Dito isso, tentarei nesse artigo simplificar ao máximo o sistema de classificação da Borgonha e, por meio deste, explicar onde acredito que o consumidor pode explorar o máximo de valor. De maneira simplificada, a Borgonha possui essencialmente quatro classificações, sendo elas: (i) regional, (ii) village, (iii) premier cru ou 1er cru e (iv) Grand Cru.
A primeira destas (i) é dividida entre 23 AOCs (sub-regiões) e representa 52% da produção da Borgonha. Aqui, encontramos alguns dos vinhos mais econômicos da região, com menos identidade de parcelas individuais. Os vinhos podem ser feitos a partir de uvas cultivadas em qualquer região dentro da Borgonha. Exemplares de vinhos regionais incluem rótulos escritos Bourgogne, por exemplo.
Subindo a escada teórica de qualidade, chegamos nos villages (ii). Trata-se de vilarejos ou cidades (bairros) produtores de vinho. Estes representam 36% da produção e são subdivididos em 44 AOCs. Vinhos village são cultivados dentro de uma zona específica e tendem a refletir o solo e clima daquela área. Exemplos incluem Gevrey-Chambertin, Vosne-Romanée, Meursault e muitos outros.
Mas como saber se um vinho é village? A verdade é que não existe regra além de memorização.

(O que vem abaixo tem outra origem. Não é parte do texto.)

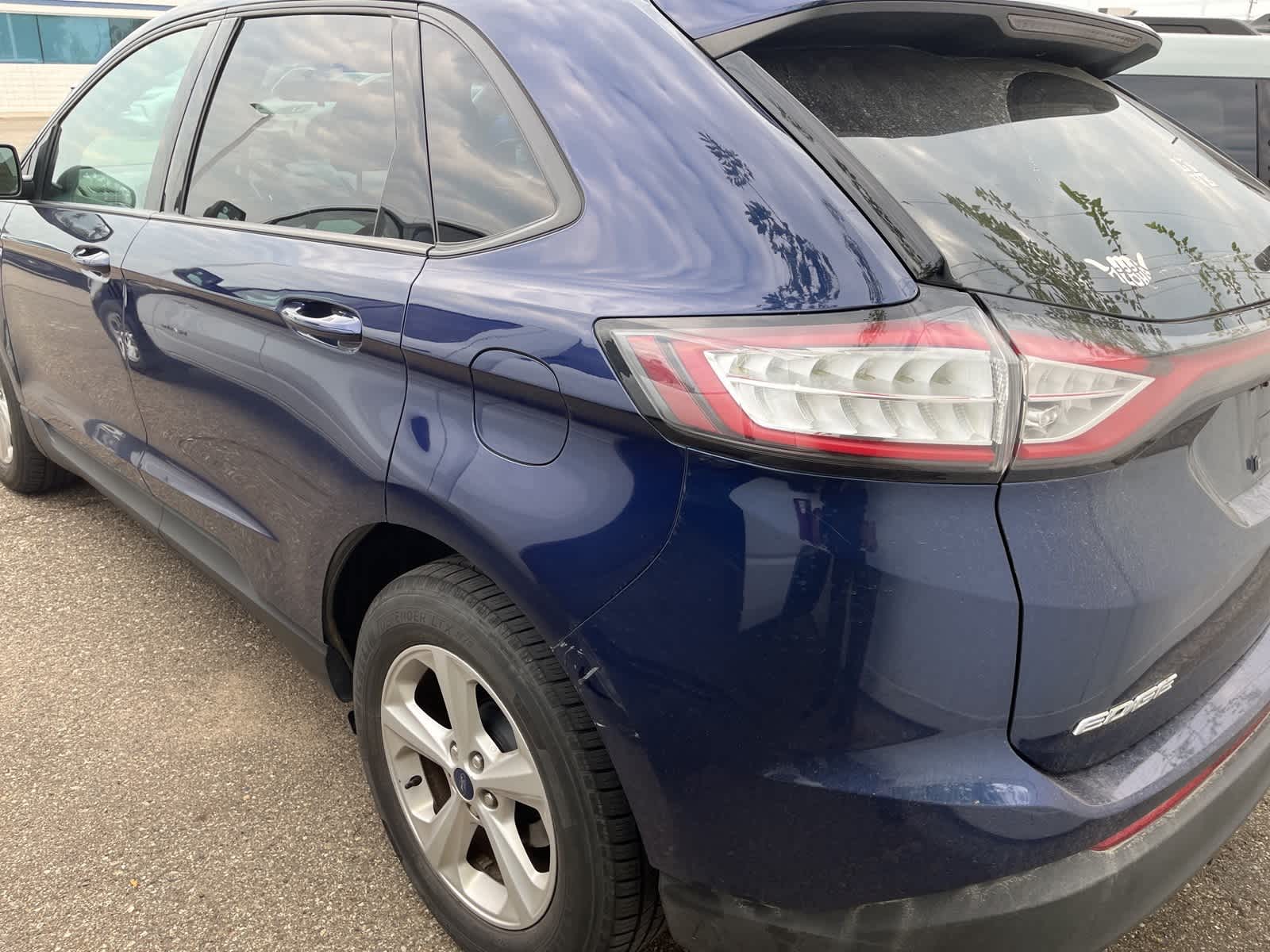 Thumbnail: 2016 Ford Edge - 9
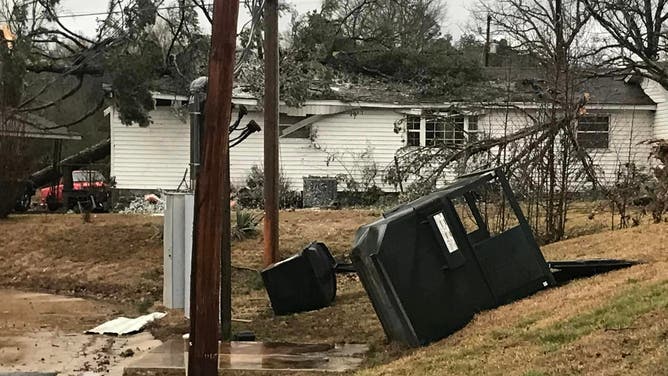 Tornado hits school in Hot Springs, AR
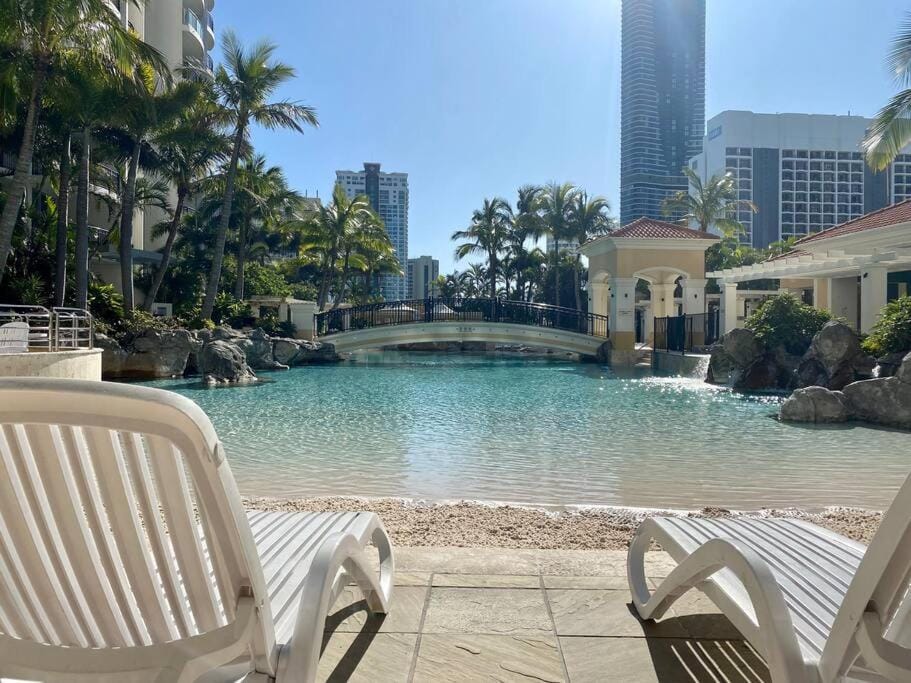 Swimming pool, Swimming pool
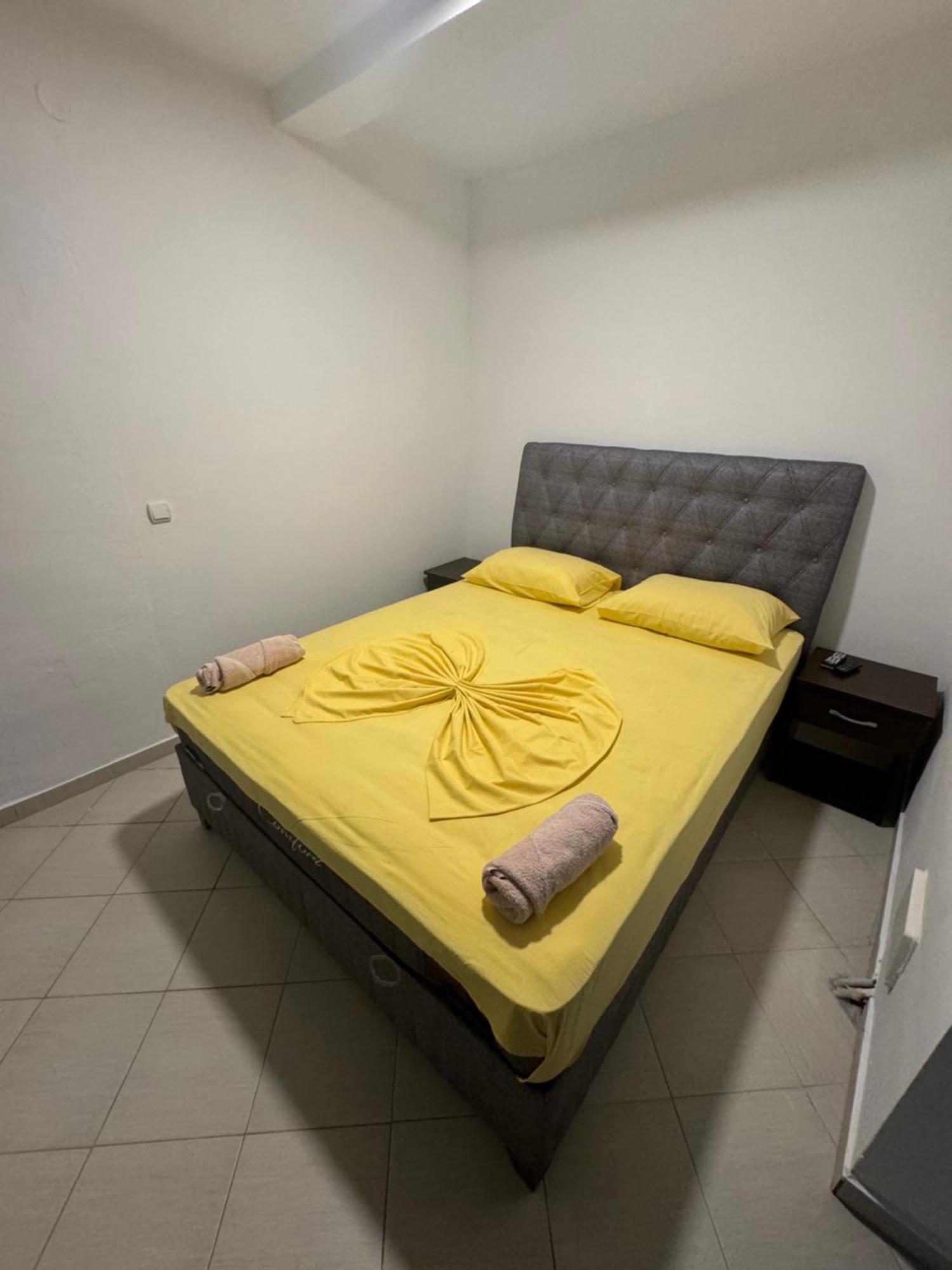 Etna Apartments 울친 외부 사진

O livro e o Google são seus melhores amigos aqui. Ademais, é justamente aqui que vejo as bolhas de valor mencionadas no título deste artigo. Explicarei melhor nos próximos parágrafos.
Dando sequência, chegamos nos vinhos premier cru (iii). Estes são vinhos de um único vinhedo com reputação para produzir vinhos de alta qualidade. Vale ressaltar que, se o nome do village aparece no rótulo acompanhado pelas palavras premier cru (ou 1er cru) mas sem o nome do vinhedo, conclui-se que o vinho é uma mistura de vinhedos com denominação premier cru. Exemplos incluem Chablis 1er Cru Montee de Tonnerre, Chambolle Musigny 1er Cru Les Amoureuses e outros 633.
Por fim, chegamos na mais alta denominação, os Grand Crus (iv). Estes representam um único vinhedo de qualidade excepcional. Existem 33 vinhedos Grand Cru na Borgonha responsáveis por menos de 2% da produção. Os rótulos de tais vinhos trazem o nome do vinhedo na frente, quase uma questão de honra. Exemplos incluem Chambertin, Clos Vougeot, La Tache e outros 30.
Com este preâmbulo longo, porém necessário, posto, chegamos no cerne da questão. Existe um termo usado na Borgonha chamado de Lieu-Dit. Este termo significa literalmente “localização”. É um termo geográfico usado para identificar um vinhedo específico que não é classificado. Vinhos que seguem essa lógica levam o nome do village e o nome do vinhedo sem nenhuma menção a premier cru ou grand cru.
Em suma, estamos falando de uma parcela que o produtor considera única o suficiente do ponto de vista de terroir que o líquido merece ser engarrafado sem ser misturado com o vinho de nenhuma outra parcela. Não é possível garantir que os vinhos terão a mesma qualidade que os vinhos classificados, mas na prática muitas vezes encontramos vinhos de excelente qualidade e precificados abaixo do esperado.
Vale ressaltar, por fim, que ocasionalmente os vinhos lieu-dit recebem atenção suficiente para que os órgãos responsáveis decidam classificá-los como premier cru. Este não é um processo simples e admitidamente bastante demorado, mas muitas vezes é válido do ponto de vista financeiro, principalmente para os pequenos produtores. Exemplos incluem Gevrey-Chambertin no vinhedo “La Justice” com alguns produtores notórios fazendo grandes vinhos.
Os bolsos de valor, por obséquio, estão nos lieu-dit ainda não classificados e pouco conhecidos. O desafio, portanto, está em descobri-los antes do mercado.